§ **Problem**
Within the listing that follows, reproduce exactly the lines starting at the line with "Wood-tone interior of" and ending at the line with "Drugie zdjęcie samochodu", inclusive, and only those. Pictures are dropped.

────────────────

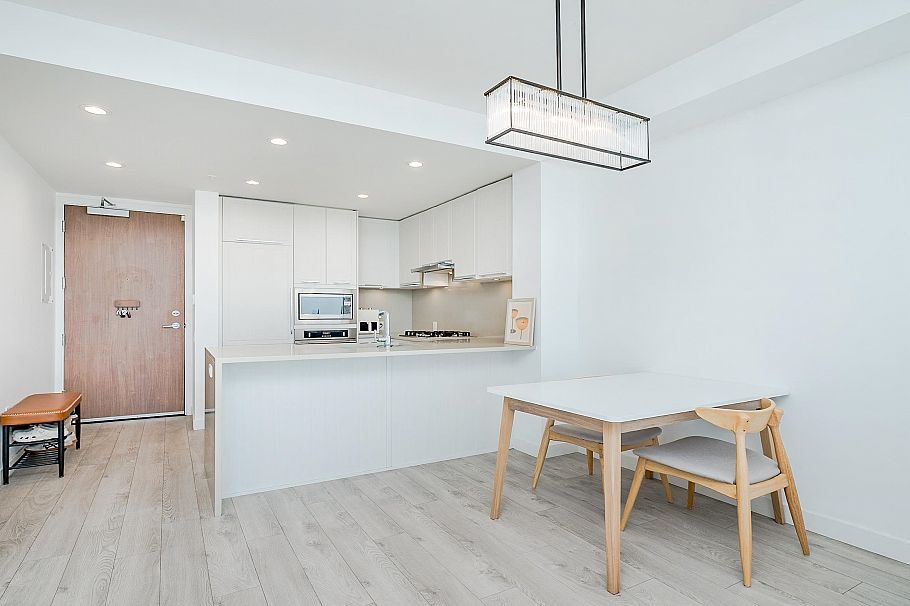 602 6677 Cambie Street Vancouver, BC - 13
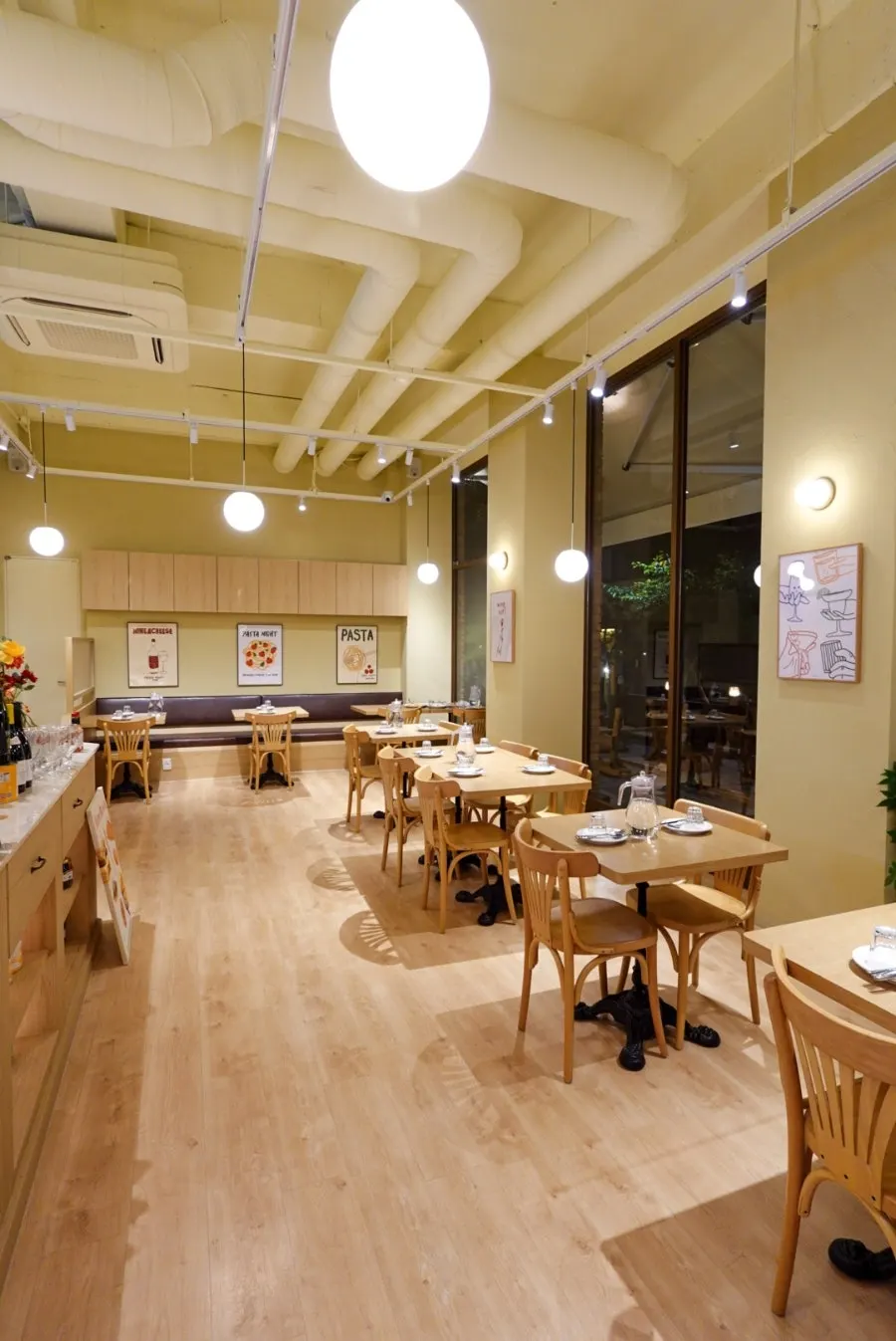 Wood-tone interior of Raon Sik Tak Pangyo Branch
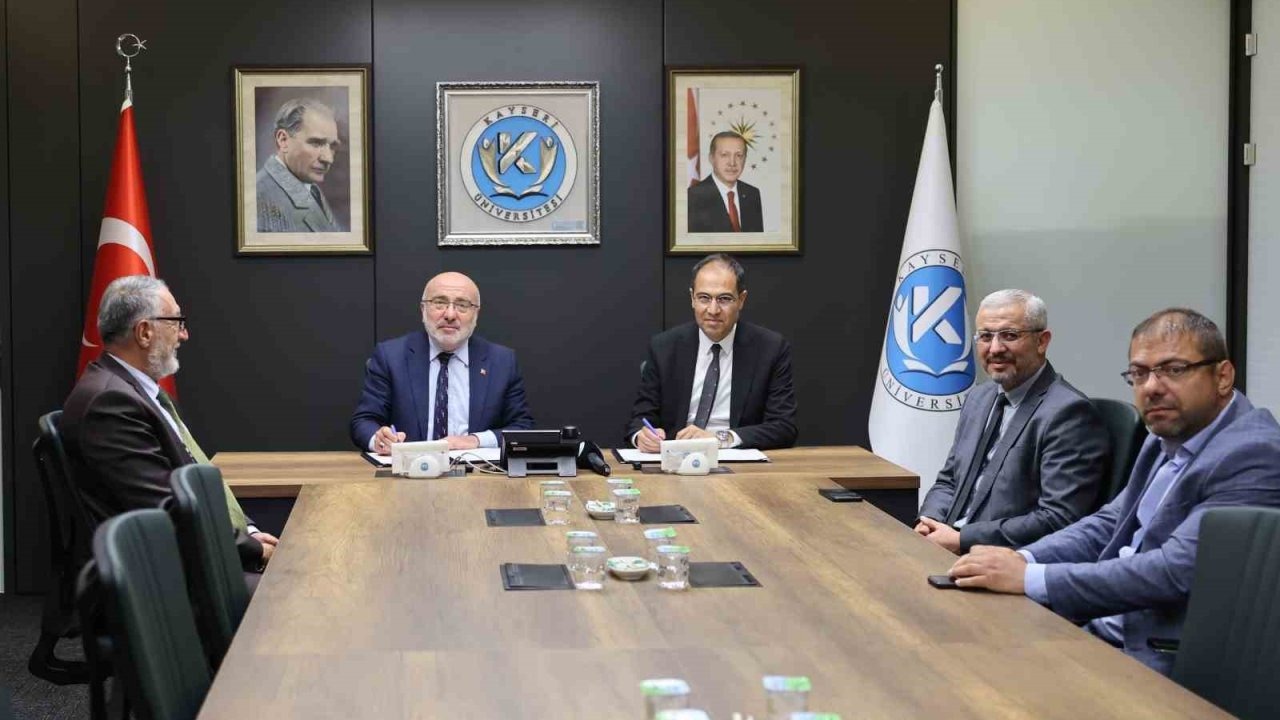 Kayseri Üniversitesi ile Kayseri İl Sağlık Müdürlüğü arasında iş birliği protokolü imzalandı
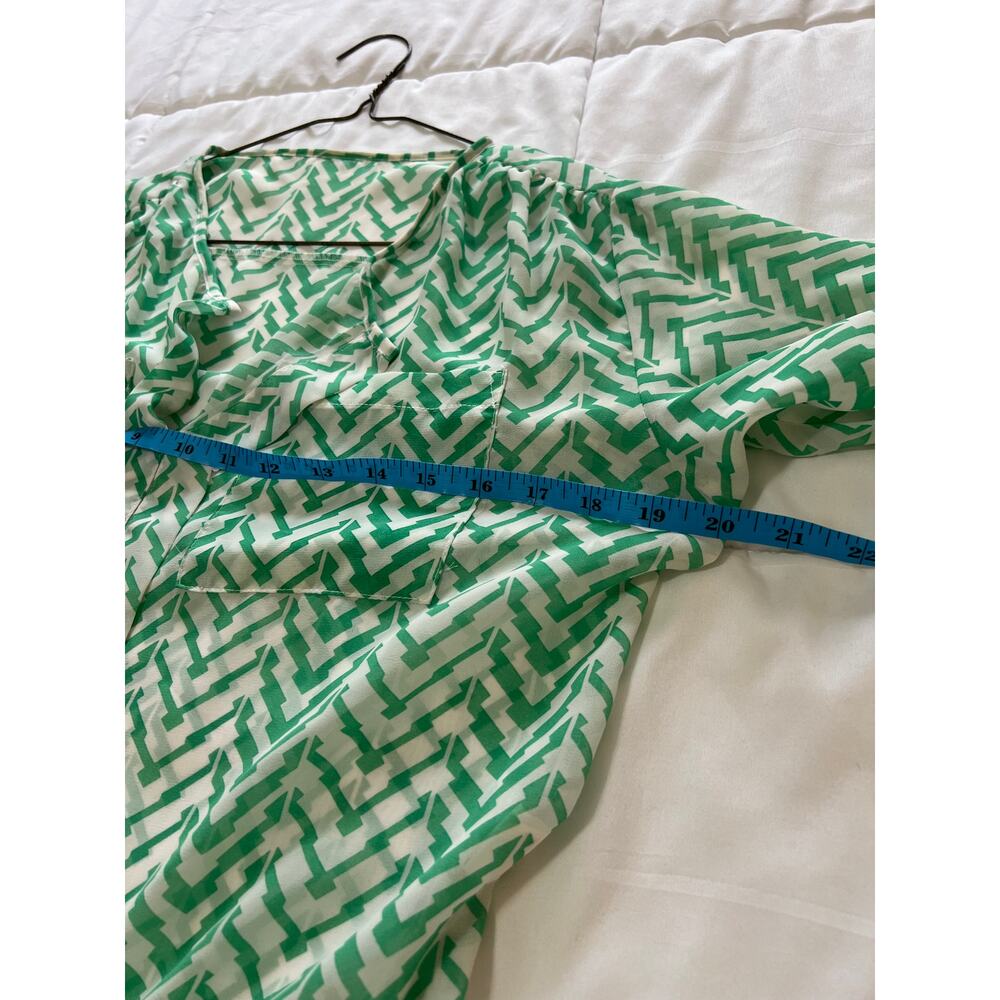 Green Chevron Geometric Print Blouse M Chico Split V-Neck Roll-Tab Sleeve Top - Picture 5 of 6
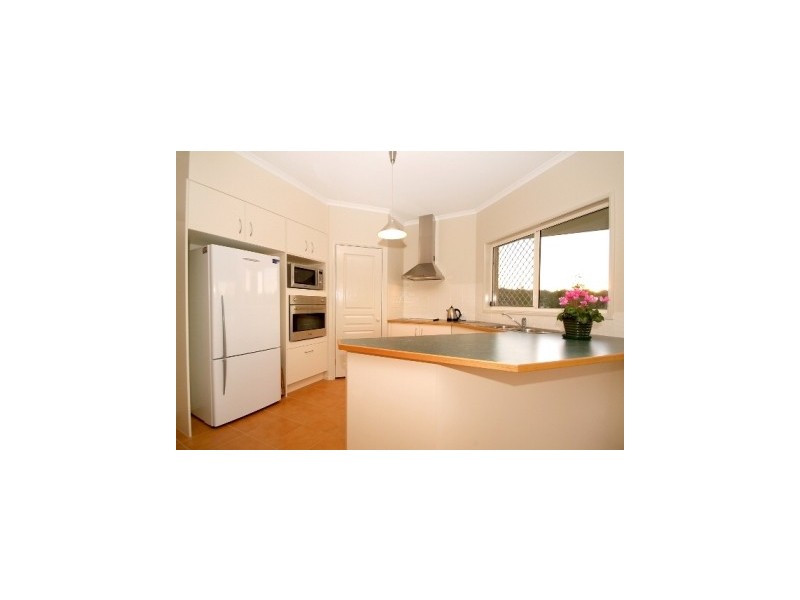 7 Clifford Street, Meringandan West QLD 4352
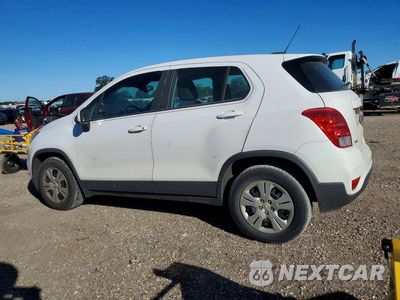 Drugie zdjęcie samochodu z przodu: 2017 CHEVROLET TRAX LS VIN:3GNCJKSB7HL244089 - miniatura
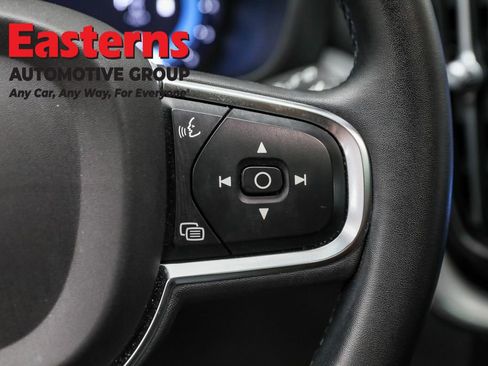 Used 2023 Volvo XC60 B5 Core image 16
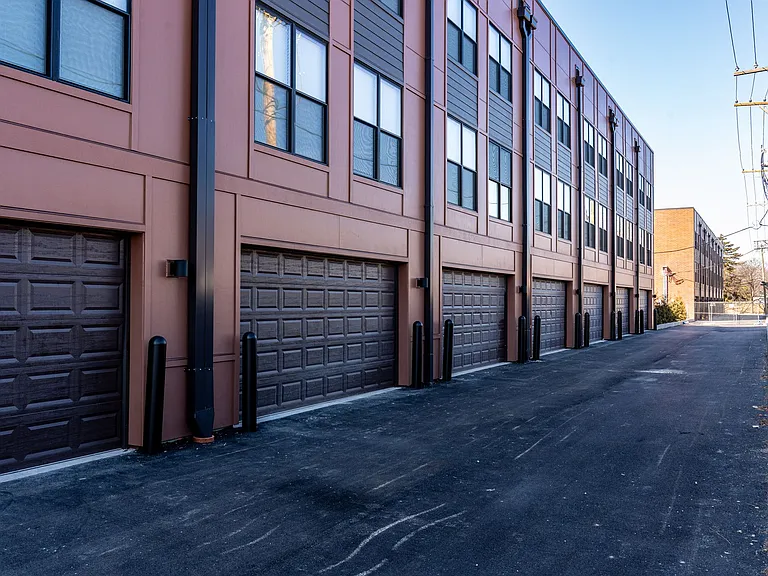 Galewood Residences — Photo 24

────────────────

§ **Task result**
 Wood-tone interior of Raon Sik Tak Pangyo Branch
 Kayseri Üniversitesi ile Kayseri İl Sağlık Müdürlüğü arasında iş birliği protokolü imzalandı
 Green Chevron Geometric Print Blouse M Chico Split V-Neck Roll-Tab Sleeve Top - Picture 5 of 6
 7 Clifford Street, Meringandan West QLD 4352
 Drugie zdjęcie samochodu z przodu: 2017 CHEVROLET TRAX LS VIN:3GNCJKSB7HL244089 - miniatura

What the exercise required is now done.